— Представил, но очень скупо. Назвал только имя — Надя. Ни фамилии, ни кем она ему приходится, не сказал. Но они обращались друг к другу, как старинные друзья. Сначала я подумал, играют, а потом понял, что они действительно знакомы целую вечность. И знакомы очень близко, с полувзгляда друг друга понимают.
Халецкий попросил описать внешность дамы.
— Светлые волосы, тёмные брови, зеленые глаза с коричневыми крапинами, нос прямой, маленький, аккуратный, рот небольшой, но губы полные. Очень миловидна. Роста невысокого, пухленькая. Возраст — в районе тридцати. Я бы дал меньше, но, похоже, они с Эдиком вместе учились то ли в школе, то ли в институте. А Эдику тридцать два.
— Ладно, рассказывайте дальше, — не утерпел Виктор, опасавшийся, что этому типу вот-вот наскучит собственная откровенность и он опять начнёт выпендриваться.
Но опасался он напрасно. Эжен выдержал взятый тон до конца.
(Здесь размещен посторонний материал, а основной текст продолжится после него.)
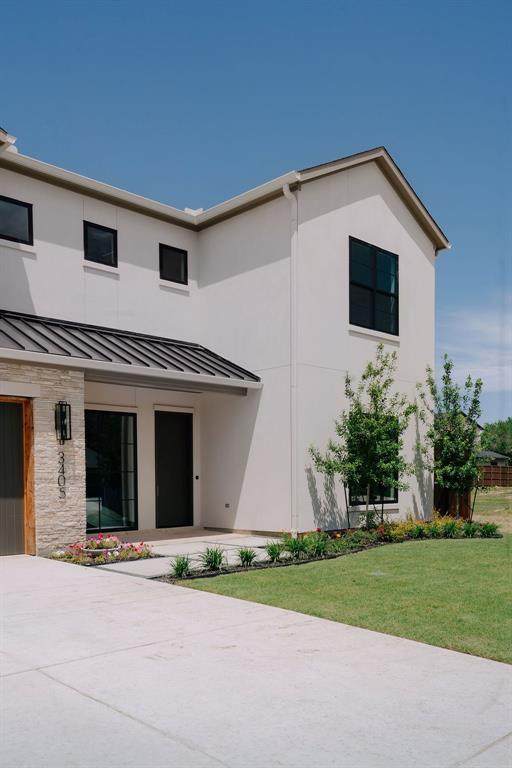 3405 Witt Court - Photo 1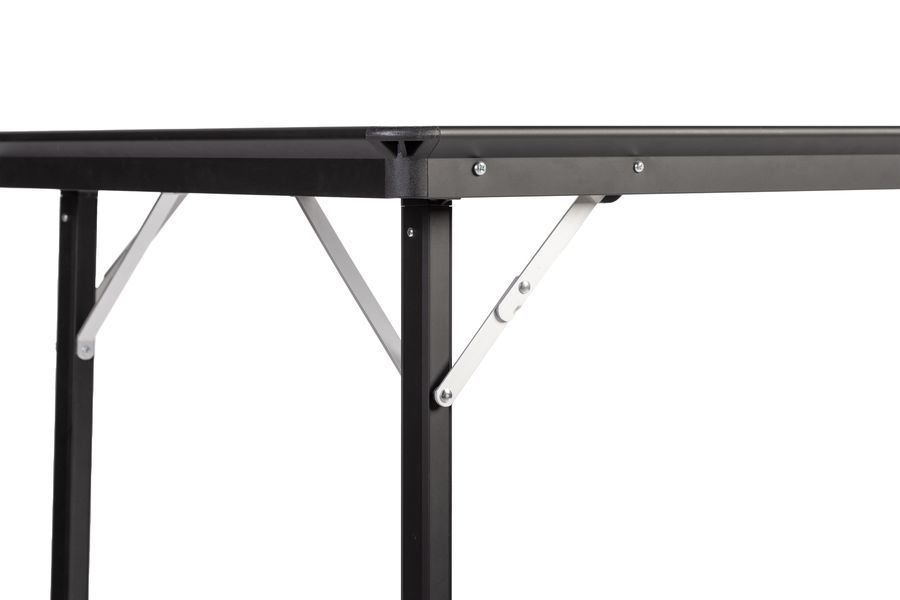 405194989ba62248cbcd320b93dd0bcd5b58547d Klapptisch Dinemic 4, 126x70x85 cm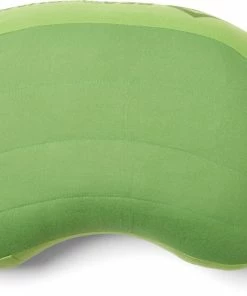 Sea to Summit Aeros Premium Pillow -Cheap Sleeping Bags Store 7e836e8f 1e21 497f b99b f88337f7f399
Подробно изложил историю, с которой явился к нему Эдик, не побоялся повторить предъявленное ему Вязниковым обвинение, воспроизвёл собственную оправдательную речь, сделав акцент на своём алиби, упомянул о звонке Вязникова Джулии, привёл соображения Эдика, позволившие сузить круг подозреваемых до четырех человек, рассказал, как и почему они отдали предпочтение директору «Пульсара» (Базилю) перед директором дизайн-студии (Джованни). И наконец, поведал о поездке всей компании к Джованни и о приключении, которое подстерегало их на обратном пути.
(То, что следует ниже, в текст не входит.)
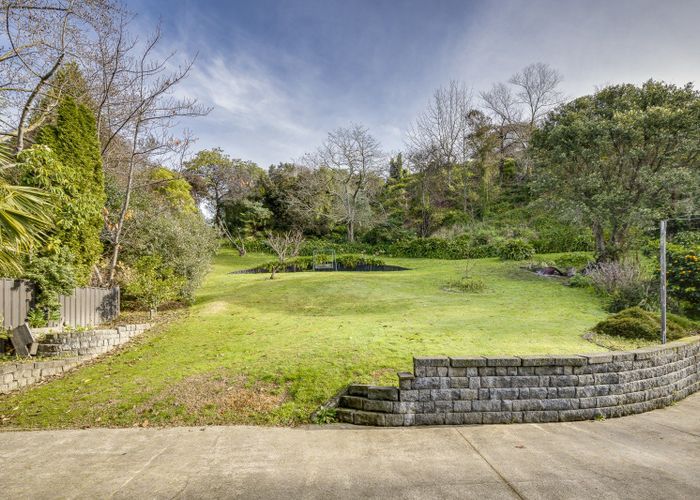  at 9 Alley Place, Taradale, Napier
Последняя часть заставила Виктора и Бориса обменяться тревожными взглядами.
— Вы уверены, что этому Севе удалось избавиться от преследователей? — спросил Халецкий.
— Головой не поручусь. Но он долго кружил перед тем, как выехал на Ленинградку. Хвоста мы не заметили.
— А как выглядели те двое, что поджидали вас на балконе?
— Не знаю, не видел. Мы стояли на верхней площадке, а их загораживала дверь. Но Сева наверняка их «сфотографировал». Поговорите с ним.
— А тогда с чего вы решили, будто они не с вашей работы? — подозрительно спросил Виктор.
— На слух определили, — усмехнулся Эжен.
У Виктора прямо руки чесались накостылять нахалу по шее, но Халецкий, проигнорировав насмешку, задал следующий вопрос:
— Где вы расстались с Вязниковым и его спутницей?
— Они вышли за «Динамо», тут же поймали машину и повернули на Беговую.
— Евгений, люди, жаждущие встречи с Вязниковым, очень опасны. Это профессионалы, убивающие без колебаний и не оставляющие следов. Боюсь, Николая Усова, который попал к ним в лапы, мы с вами никогда не увидим — ни живым, ни мёртвым. Но у нас ещё есть шанс спасти Эдуарда и его подругу, если мы опередим убийц. Сосредоточьтесь, пожалуйста. Постарайтесь припомнить какое-нибудь замечание Вязникова, какую-нибудь обмолвку, которая помогла бы нам побыстрее их найти.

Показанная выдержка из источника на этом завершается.